Why would a dairy company be interested in insights on veganism?
Linkfluence found themselves pondering that question when called upon by client Danone to examine social data surrounding the plant-based food market.
Managing Director Gareth Owens outlined their process in his session, “How Social Data Helps Brands to Create Business Opportunities.” In it, Owens showed how Linkfluence’s strategy helps to make sense of massive landscapes of social data—our posts, forum engagement, likes, shares, “and even poo emojis you use online.”
The Challenge of Taking and Structuring Data
Owens posed the all-important question on the minds of SMWLDN attendees: how do we bring brands closer to their customers using social data? It’s harder than we think, and many have failed, he noted. But his answer, and the one that drives Linkfluence’s strategy, is relevance.

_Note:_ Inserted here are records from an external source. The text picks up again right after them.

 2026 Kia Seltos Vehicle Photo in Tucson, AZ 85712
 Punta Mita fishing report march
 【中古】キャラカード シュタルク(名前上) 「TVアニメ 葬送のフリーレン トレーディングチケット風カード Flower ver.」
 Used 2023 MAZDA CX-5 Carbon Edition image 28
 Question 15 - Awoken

Through their work for Danone, Linkfluence discovered that the conversation around veganism changed between 2015 and 2018. What was once a conversation dominated by the US and Europe, and largely focused on nutrition and food intolerances, gradually evolved into a worldwide dialogue concerned with activism and sustainability. By exploring the “huge amount of data, ready for you to mine”, and then breaking it down into themes, they came to a better understanding of what it could mean to engage vegans online.

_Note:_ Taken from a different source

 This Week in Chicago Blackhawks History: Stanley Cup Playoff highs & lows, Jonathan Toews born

The “Momentary” Nature of Segmentation
The social data Linkfluence gathers proves utility across multiple business areas; their deep dive into veganism was no exception. It’s not enough to know who the vegans are; it matters to know if they’re health conscious, environmentalists, animal activists, trend followers, or any combination of those. From these initial touchpoints, you can tailor an approach for outreach and engagement that speaks more deeply to your target audience or consumer.
Owens’ research revealed what he calls “moments of consumption” as a means to further segment users. When seeking to engage this target population, it helped to note the times of day when they’re aware of their veganism. Not just mealtimes—breakfast, lunch, and dinner—but also surrounding activities, like “pre- and post- workout.” Armed with this information, their client could focus even more narrowly on the needs of an otherwise broad defined segment. The key here is “finding something you believe to be homogenous, and beginning to break that down into individual elements that make sense for you and your brand.”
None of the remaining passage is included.